Jika ingin mengatasi agar masalah serupa tak terjadi di masa depan, menurut Djohermansyah, di daerah otonom yang sudah terbentuk, peta batas wilayahnya harus dibuat terang benderang dengan teknologi peta digital. Pemerintah pusat perlu menyusun program pembuatan peta daerah di seluruh Indonesia. Kemudian, dilakukan revisi UU pembentukan daerah otonom yang dilengkapi peta baru berbasis digital. Selain itu, diperkuat dengan faktor sejarah dan dokumen pelengkap yang ada.

Dalam pembuatan peta batas wilayah berbasis digital itu, Kemendagri tidak hanya bisa melibatkan pihak internal kementerian/lembaga, tetapi juga pihak ekstrenal, seperti masyarakat sipil dan kampus. Bahkan, dokumen lampau, seperti peta kolonial yang ada di Leiden, Belanda, juga bisa menjadi rujukan. Tim harus bekerja bersama untuk mendapatkan dokumen atau data yang akan menjadi dasar penentuan batas wilayah agar lebih akurat. 

Kepastian hukum

Terpisah, anggota Komisi II DPR dari Fraksi Golkar, Ahmad Irawan, juga sepakat bahwa ke depan memang harus ada satu peta, satu data, dan satu kebijakan terkait batas wilayah. Dengan data yang akurat, penyelesaian berbagai sengketa batas wilayah akan semakin mudah. Setelah itu, baru dibuat penguatan kerangka hukum perbatasan wilayah.

”Lebih baik punya suatu UU batas wilayah yang mengatur kriteria, hak-hak di daerah perbatasan, cara penetapan batas, mekanisme penyelesaian sengketa, dan lain-lain,” kata Irawan.

Kerangka hukum tersebut, misalnya, dibuat dalam kerangka pembentukan daerah otonom yang bersangkutan. Sebab, selama ini UU pembentukan daerah otonom masih ada yang hanya menyebutkan secara umum batas wilayah. Ada pula yang sudah spesifik dilengkapi dengan titik koordinat.

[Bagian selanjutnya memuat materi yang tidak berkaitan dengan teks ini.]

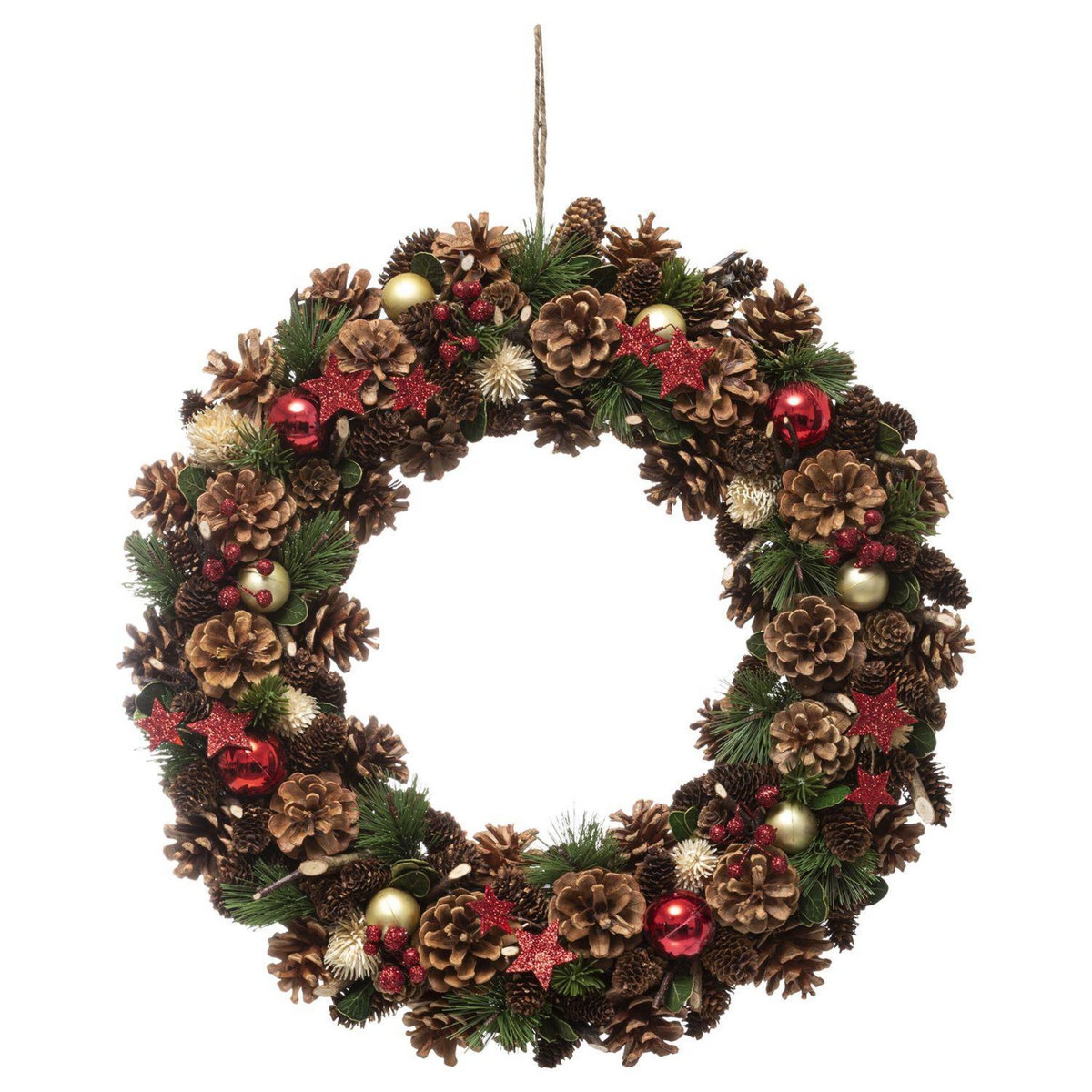 FEERIC LIGHT & CHRISTMAS Couronne de noël avec Houx et étoiles à suspendre en bois et polystyrène - Diamètre 50 cm - Rouge, Vert et Marron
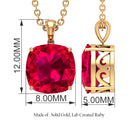 8 MM 4 Prong Set Cushion Shape Created Ruby Solitaire Pendant Lab Created Ruby - ( AAAA ) - Quality - Rosec Jewels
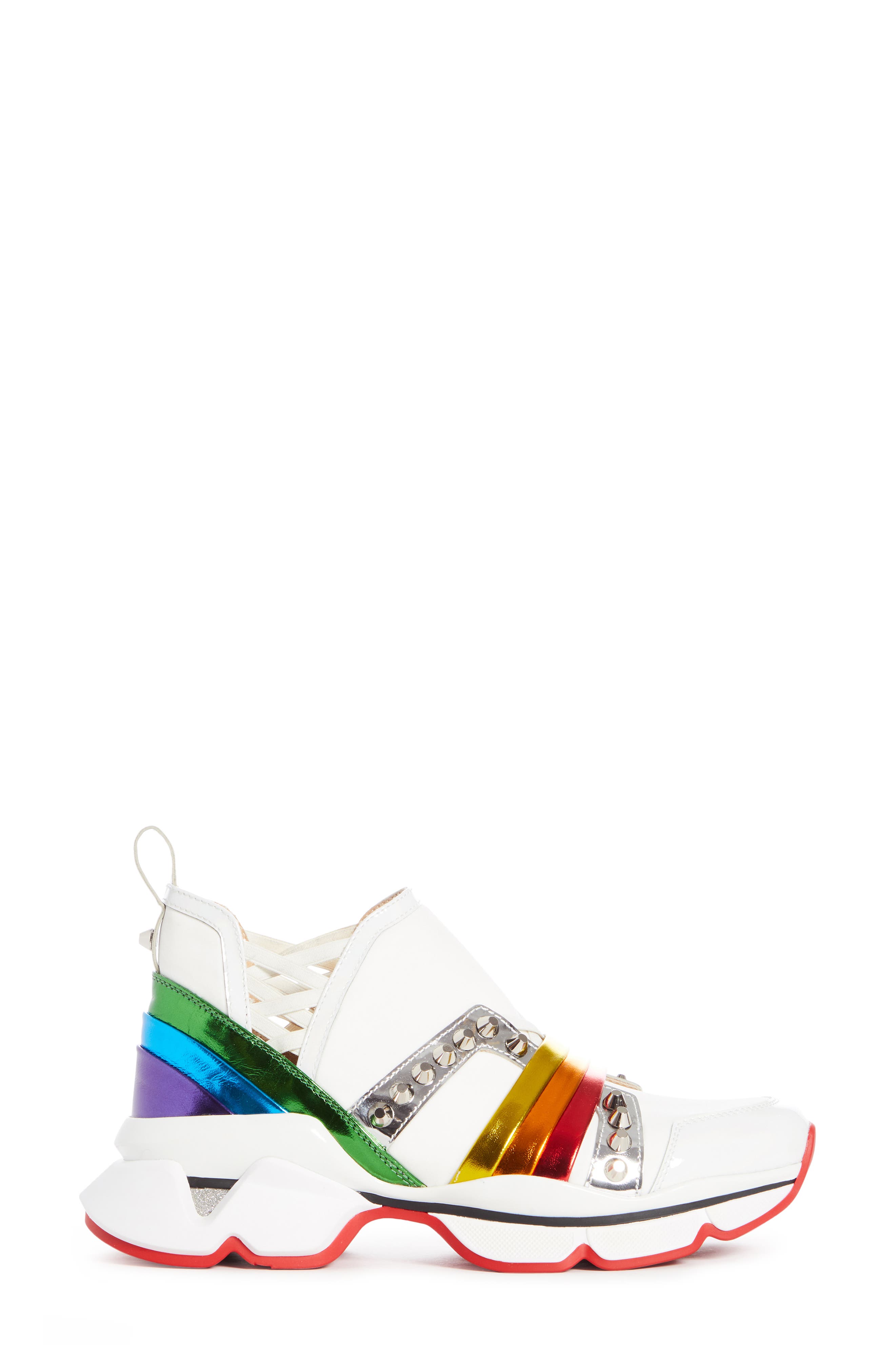 Christian Louboutin 123 Run Studded Rainbow Slip-On Sneaker, Alternate, color, 
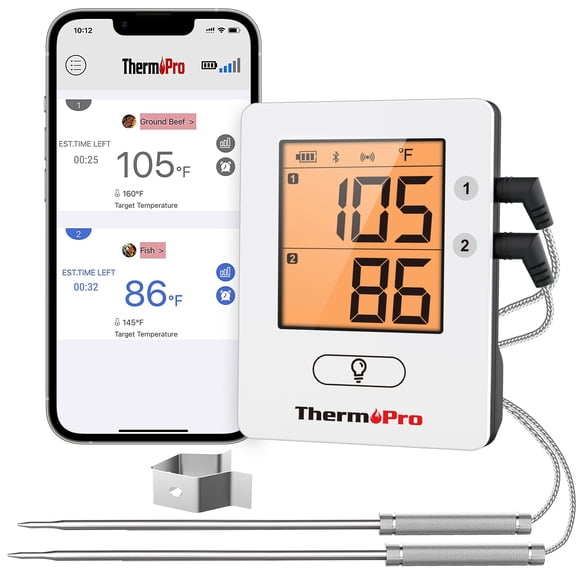 ThermoPro TP910 650FT Bluetooth Meat Thermometer for Smokers, Rechargeable Wireless Meat Thermometer for Grilling with 2 Probes, Grill BBQ Thermometer with Smart Timer, Alarm, Cook Time Estimator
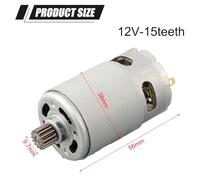RS550 Motor 13 Tooth/15 Tooth Replacement for Bosch Cordless Drill TSR1080-2-LI GSR120LI 12V 14.4V, Metal Gear 38mm Diameter 56mm Length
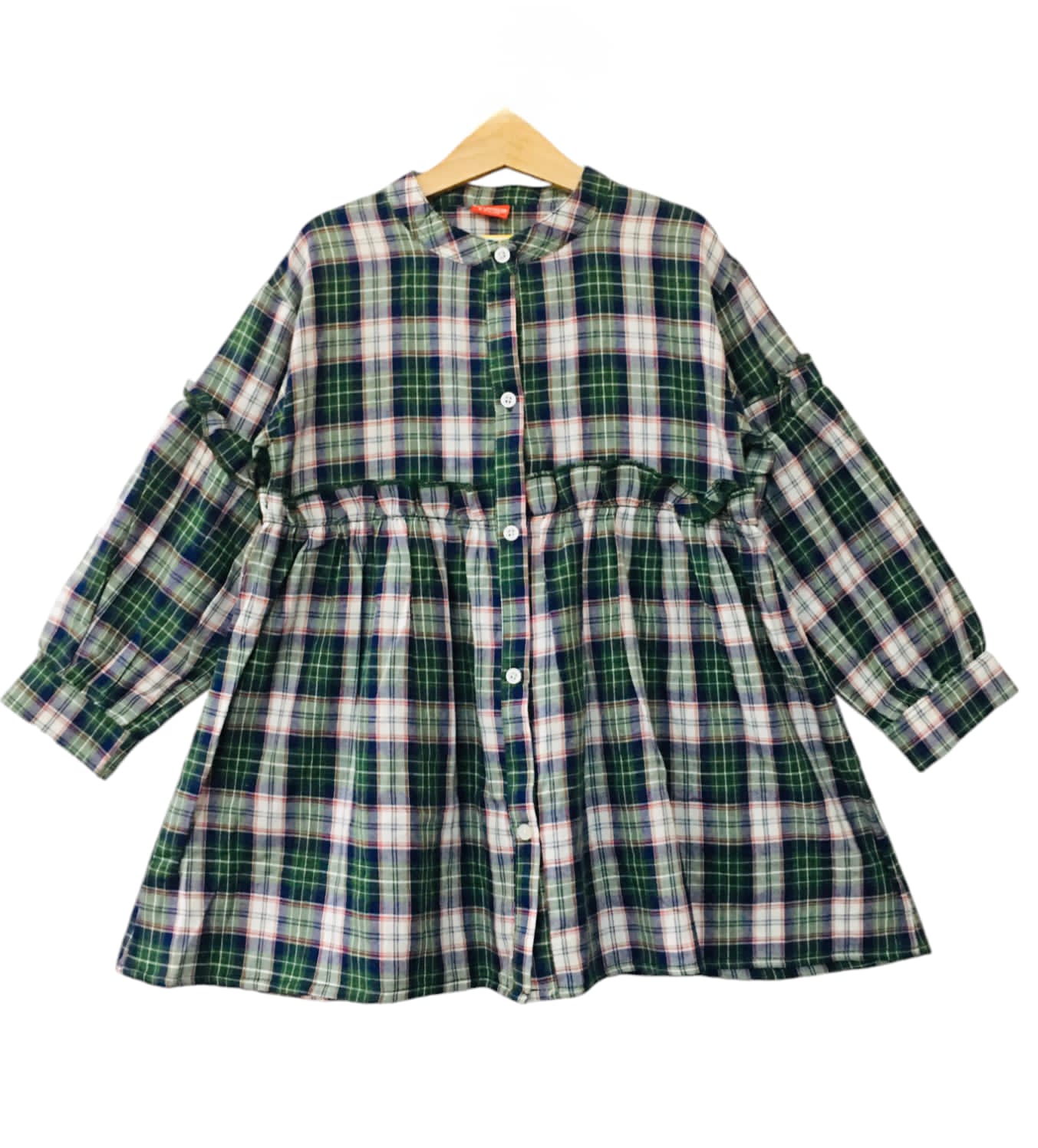 Dark Green Checked Girl Top Girls (199) (1)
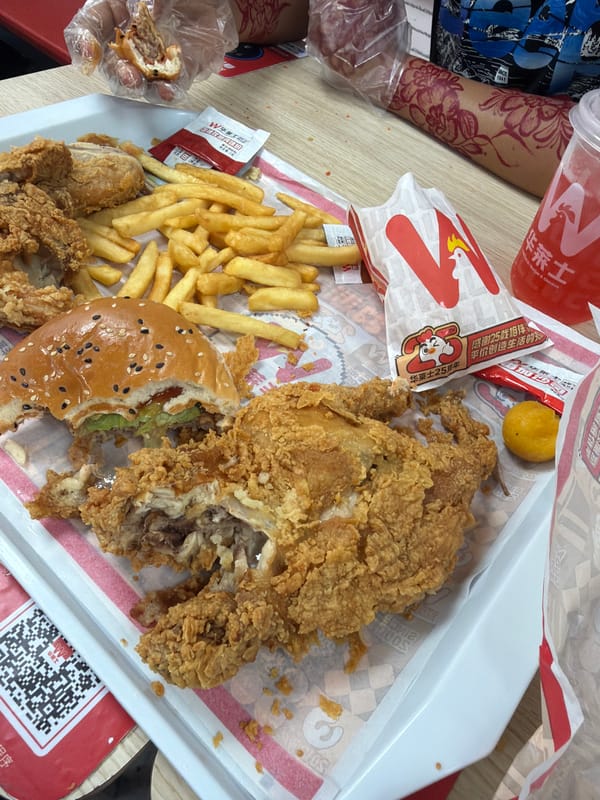 Fast-food meal partially eaten at Wallace Burger in Jiangning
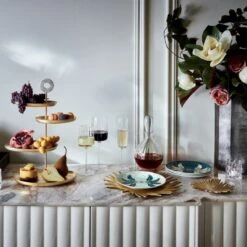 Betty Glass Tealight Candle Holder Set Of 6 -Home Decor Sale MaeChampagneGoldNV20 1x1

Masalah-masalah tersebut harus disisir kembali untuk dilakukan harmonisasi data. Jika sudah selesai secara teknis, baru aturan perundang-undangannya direvisi untuk memberikan kepastian hukum bagi masyarakat.

”Solusi masalah sengketa batas wilayah harus segera diselesaikan dan disepakati. Jangan sampai ditunda karena pembangunan di daerah harus berjalan,” ujarnya.